Monday, December 3, 2007
Fig and ginger loaf
I absolutely adore both dried figs and ginger. The former is exotically sweet, while the latter possesses a glorious sweet heat. Both ingredients can be used to enhance the flavour of sweet or savoury dishes, making them incredibly versatile.
While flicking through the October-November 2007 edition of my latest favourite Kiwi find, Dish magazine, I spotted a recipe for Fig and Ginger Loaf among the brunch recipes. I was immediately smitten and knew that I had to make this. How could I refuse, with two of my favourite ingredients combined in one delicious looking cake?
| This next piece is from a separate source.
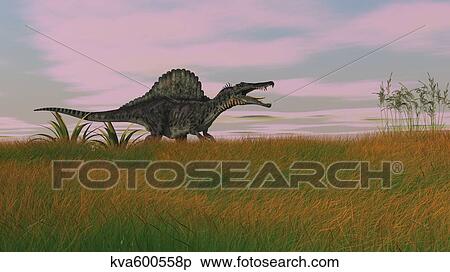 Stock Illustration - Spinosaurus walking across prehistoric grasslands.. Fotosearch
From the photograph above, you can see what a glorious golden cake this is, laden with luscious figs and ginger. This loaf has been my morning tea for work this week, and I will definitely be re-visiting it often. The contrasting sweetnesses of the figs and ginger make this loaf irresistable all by itself; however, the recipe authors suggest that it be served toasted with ricotta and mango. Whichever way you would prefer it, I recommend it highly.
The recipe is as follows:
125ml milk, warmed (I used skim milk)
1 teaspoon bicarbonate of soda
1 egg yolk
100ml vegetable oil
1 teaspoon vanilla extract
2 tablespoons golden syrup
1/3 cup chopped preserved ginger (I used crystallised ginger and it was fine)
3/4 cup chopped dried figs
200g plain flour
1/4 teaspoon salt
1 1/2 teaspoons ground ginger
1/2 teaspoon cinnamon
Preheat your oven to 125 degrees Celsius. Grease and line a loaf tin (3 cup capacity).
Stir the bicarbonate of soda into the warmed milk until dissolved. Beat the eggs and egg yolk lightly, then whisk into the milk. Add the oil, vanilla, golden syrup and ginger and stir until combined.
Sift the flour, salt, ginger and cinnamon together in a separate bowl, and combine with the sugar. Toss the figs in the flour mixture until fully coated. Add the milk solution to the flour mixture, and mix until just combined.
Pour the batter into the prepared loaf tin, and bake until cooked through (mine took about 2 hours, while the recipe says 1 1/2 hours). Cool in the tin for around 15 minutes, then turn out onto a wire rack to cool completely.
Enjoy sliced for brunch, morning tea or any time you need a sweet boost!